How do you maximise ROI as a marketer? Answer: don’t be afraid to spend on your campaigns

Nielsen report finds underspending in 50% of media plans, with maximum ROI in jeopardy.

Marketers are underspending on their media plans at a risk to maximising return on investment (ROI), according to new findings.

Nielsen’s inaugural ROI report, which identified gaps in marketers’ budgets, channels and strategies that compromise ROI on media plans, found that the average brand reinvests 3.8% of its revenue in media – defined as digital display, search, digital video, social and TV – with spend across brands globally hitting between 1.4% and 9.2% of turnover. 

Brands based in APAC were reinvesting a higher percentage than other regions (an average 4.6%), but despite a lower reinvestment (4.1%), brands in North America saw a much stronger payback than the rest of the world.

Underspending more problematic than overspending

But according to the findings – spanning nearly 150,000 observations of marketing ROI and NIelsen’s database of client-supplied media plans – around half of marketers are not spending enough in a channel to get maximum ROI. 

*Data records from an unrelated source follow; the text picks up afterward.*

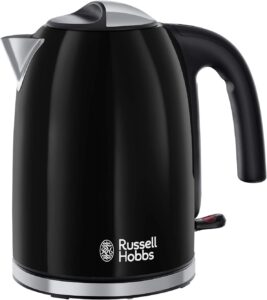 Russell Hobbs 20413 Stainless Steel Electric Kettle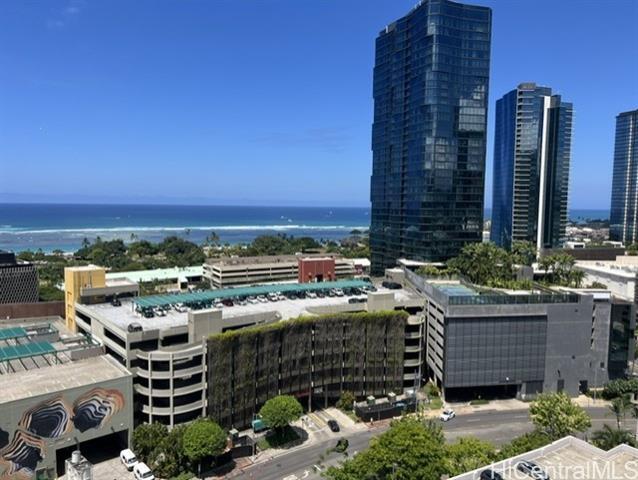Foto del edificio - 1133 Waimanu St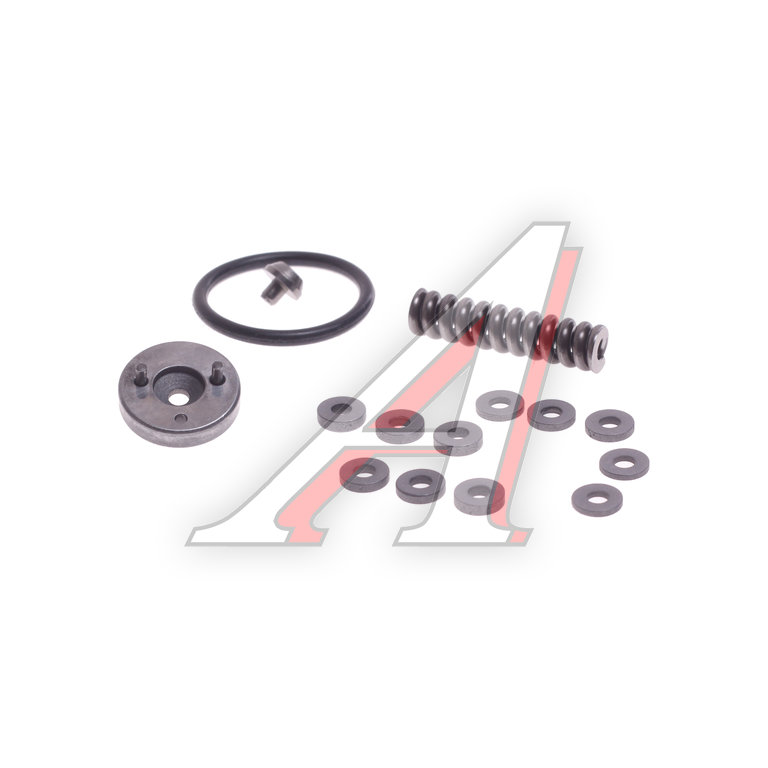 Ремкомплект ЯМЗ форсунки (15 наименований) АЗПИ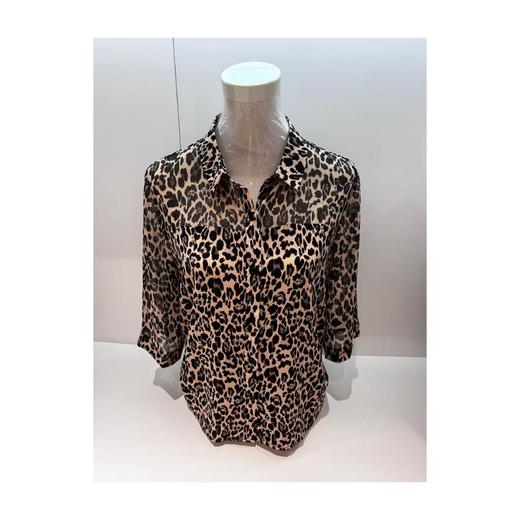 3楼禧宝鹿服饰女式中袖 商品图0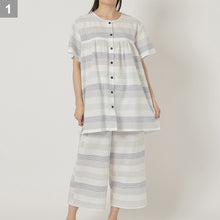 サッカーボーダー半袖パジャマ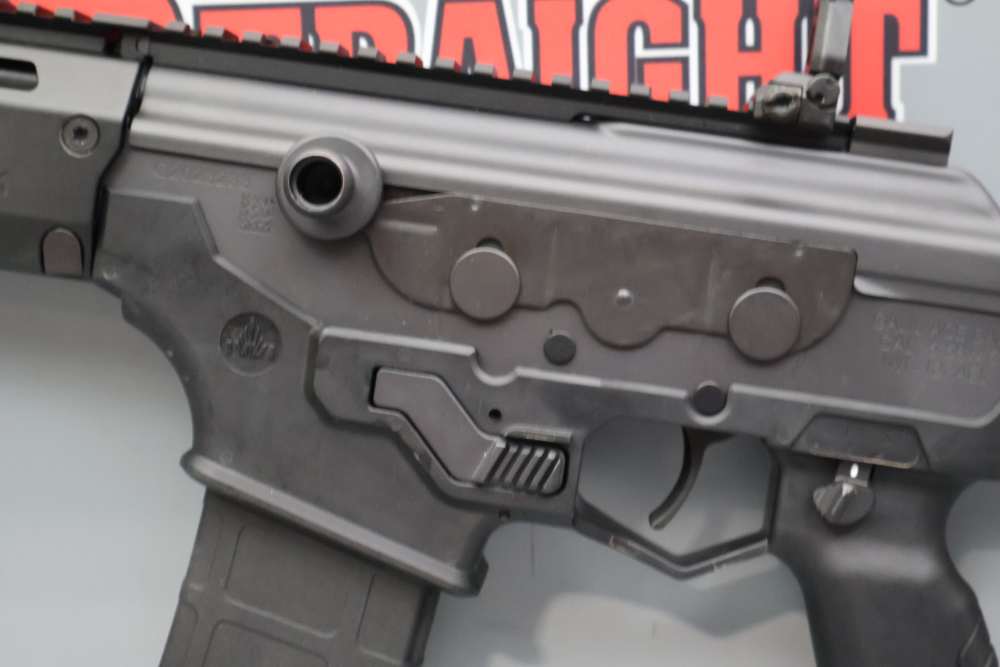 IWI Galil ACE SAR 5.56mm 16"-img-11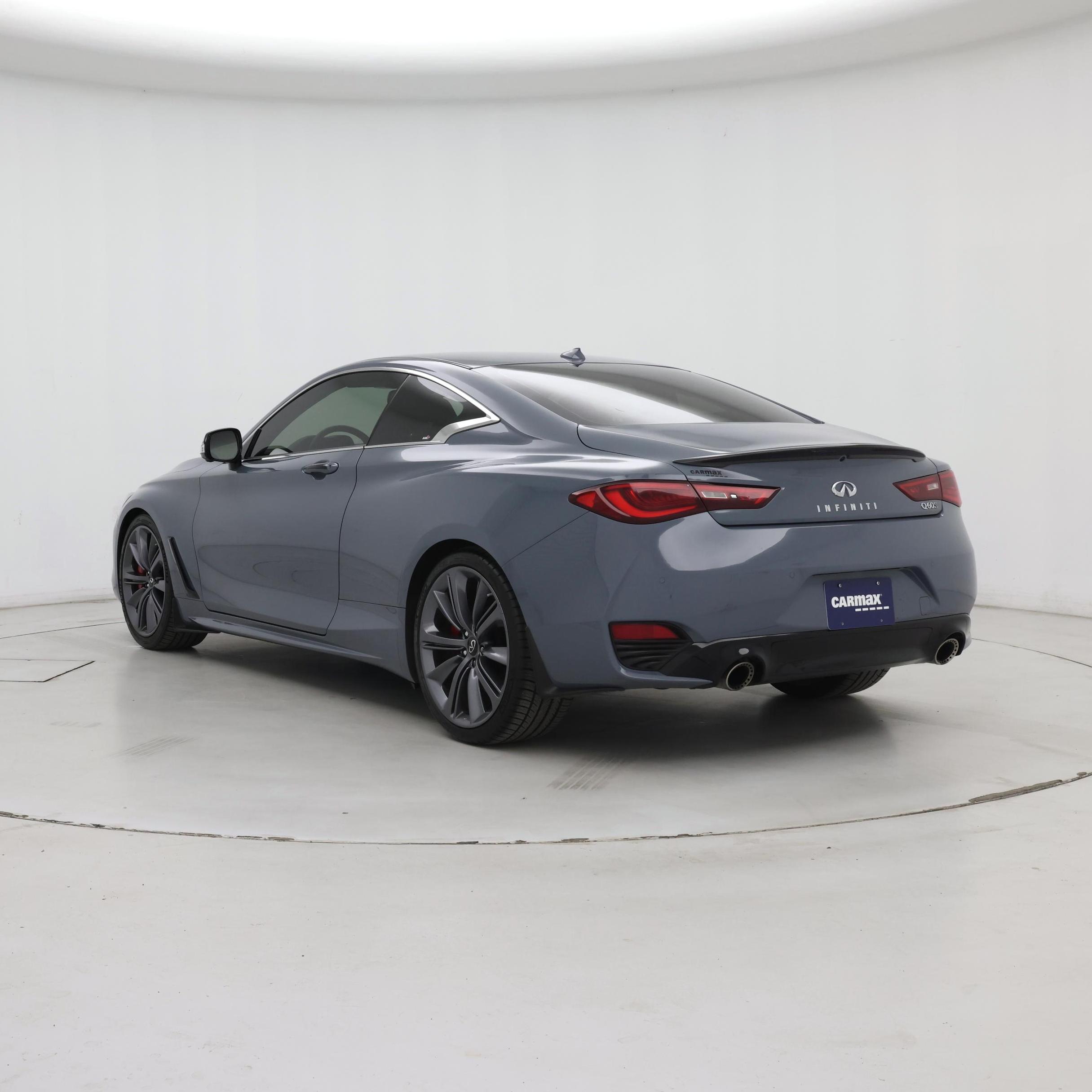 Thumbnail: 2022 INFINITI  - 2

While minimal returns can incite spending cuts, underspending can be more problematic than overspending, Nielsen said.

The report pinpointed media spend as needing to be between 1% and 9% of revenue to stay competitive, and highlighted the “50-50-50” gap. 

Nielsen concluded that 50% of planned media spend by a median 50%, and if the ideal amount of resource was applied then ROI could jump 50%.

Digital video and display the most underinvested 

The most underinvested campaigns were digital video and display, the data found. Six in 10 display campaigns received underinvestment and two-thirds of digital video campaigns were underspent on.

While almost a third (31%) of TV campaigns were underinvested, it was the channel least likely to see an underspend.

Nielsen said: “Ultimately, ROI will inform publisher pricing power. Publishers are not just competing against others in their channel, but also against other channels, so comparing channel ROIs can help set pricing strategy. The ROI Report uncovered that social media delivers 1.7x the ROI of TV, yet social media gets less than one-third of TV ad budgets.”

A separate analysis of more than 1,000 ‘new media’ campaigns including podcasts, influencer marketing and branded content showed that using these channels delivers on aided brand recall by at least 70%, with influencer marketing registering 80% and podcast 71%.

NIelsen’s report is available for three audiences: marketers, agencies and media sellers.